» What to work on
Taking the line with "A purple blue" as the first and the line with "26 Pcs Toddlers" as the last, set down exactly every line in that range from the entries below, and no more.

» Entries supplied
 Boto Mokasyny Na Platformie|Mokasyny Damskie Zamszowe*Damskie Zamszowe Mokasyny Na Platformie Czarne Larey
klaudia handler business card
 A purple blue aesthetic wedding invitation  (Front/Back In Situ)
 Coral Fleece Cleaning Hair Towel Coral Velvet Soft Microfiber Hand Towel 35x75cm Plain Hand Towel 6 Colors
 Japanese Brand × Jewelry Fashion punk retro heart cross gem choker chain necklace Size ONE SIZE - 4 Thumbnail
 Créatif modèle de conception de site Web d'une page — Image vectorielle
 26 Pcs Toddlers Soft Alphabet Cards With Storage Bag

--

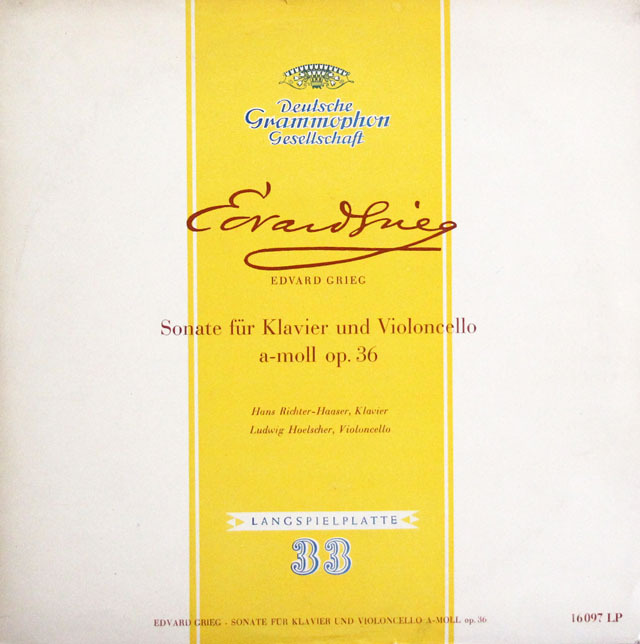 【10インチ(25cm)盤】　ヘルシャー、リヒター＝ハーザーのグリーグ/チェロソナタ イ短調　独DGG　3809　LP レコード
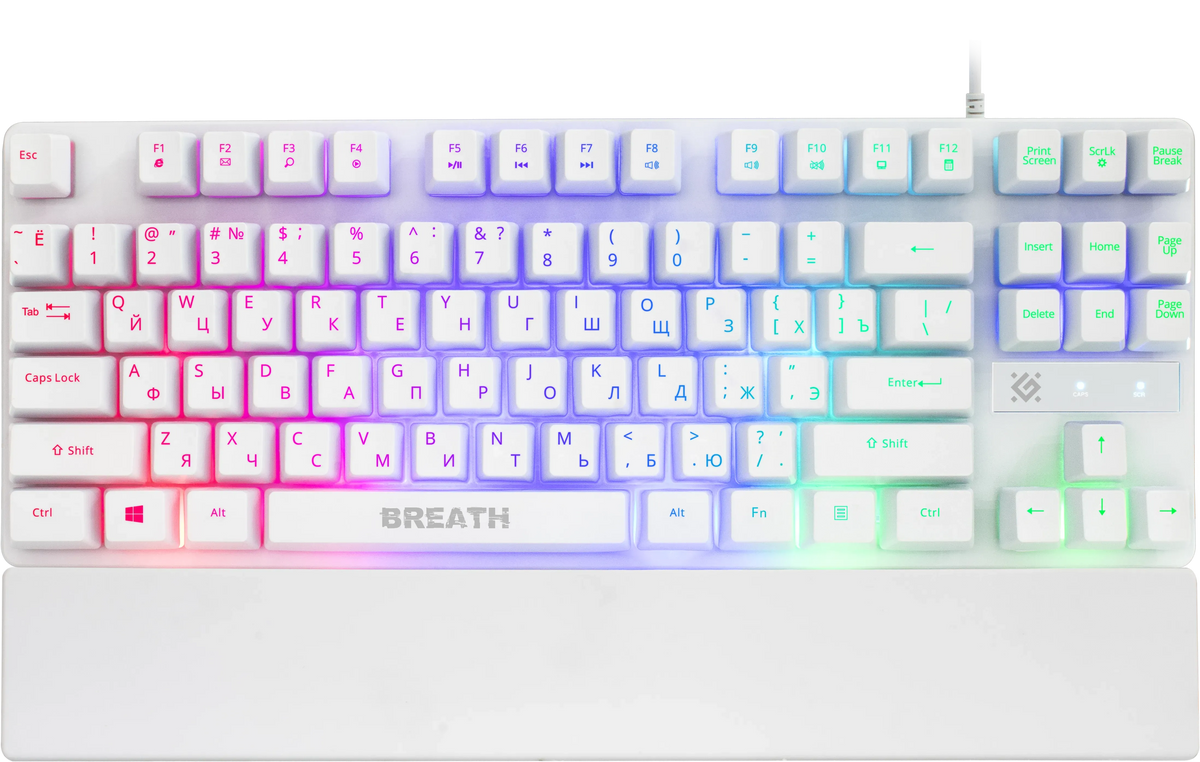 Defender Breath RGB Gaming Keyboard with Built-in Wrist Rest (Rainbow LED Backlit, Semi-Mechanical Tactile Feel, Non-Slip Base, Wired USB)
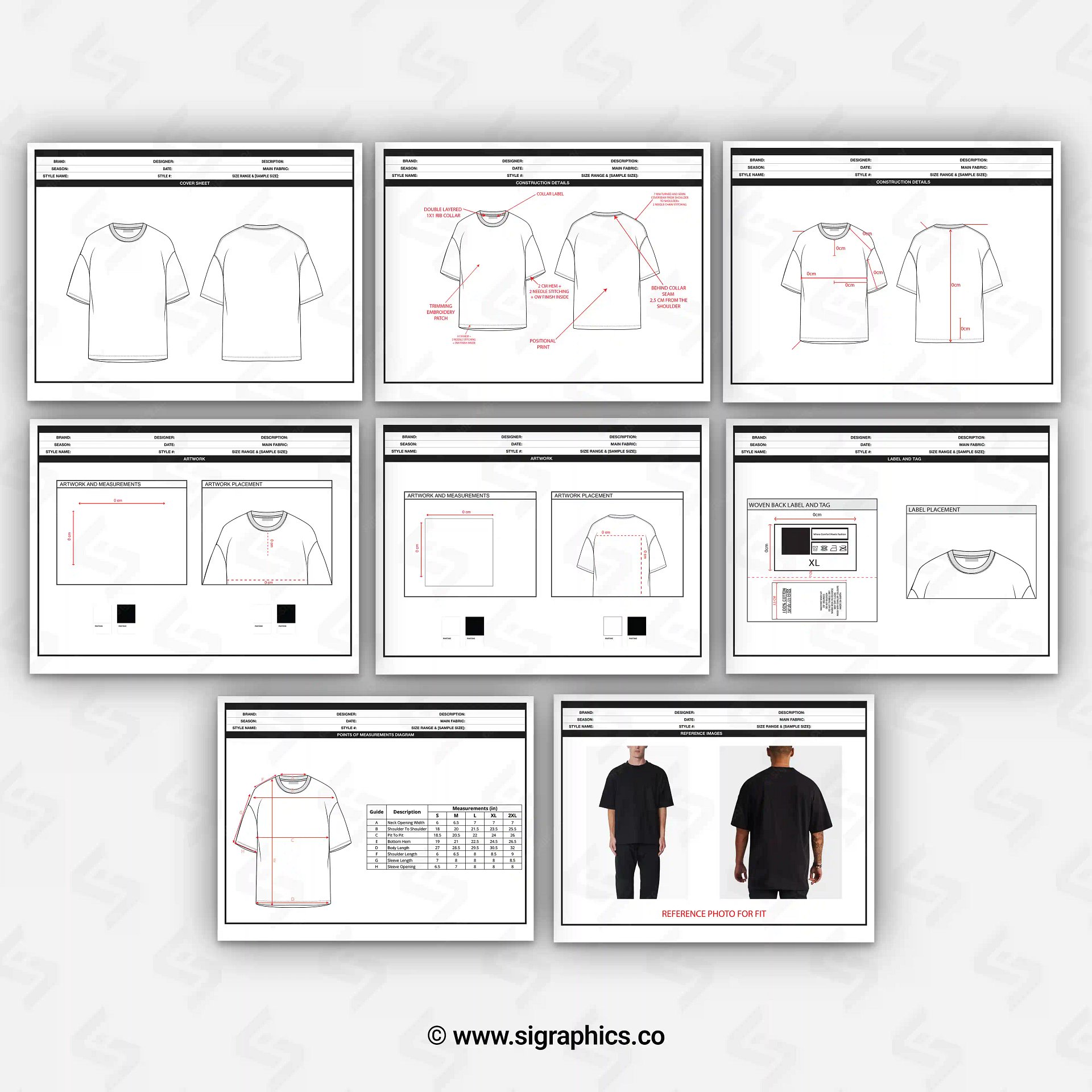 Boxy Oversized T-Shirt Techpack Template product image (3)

==

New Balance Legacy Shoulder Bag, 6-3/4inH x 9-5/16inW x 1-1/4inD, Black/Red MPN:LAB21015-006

» Written solution
 A purple blue aesthetic wedding invitation  (Front/Back In Situ)
 Coral Fleece Cleaning Hair Towel Coral Velvet Soft Microfiber Hand Towel 35x75cm Plain Hand Towel 6 Colors
 Japanese Brand × Jewelry Fashion punk retro heart cross gem choker chain necklace Size ONE SIZE - 4 Thumbnail
 Créatif modèle de conception de site Web d'une page — Image vectorielle
 26 Pcs Toddlers Soft Alphabet Cards With Storage Bag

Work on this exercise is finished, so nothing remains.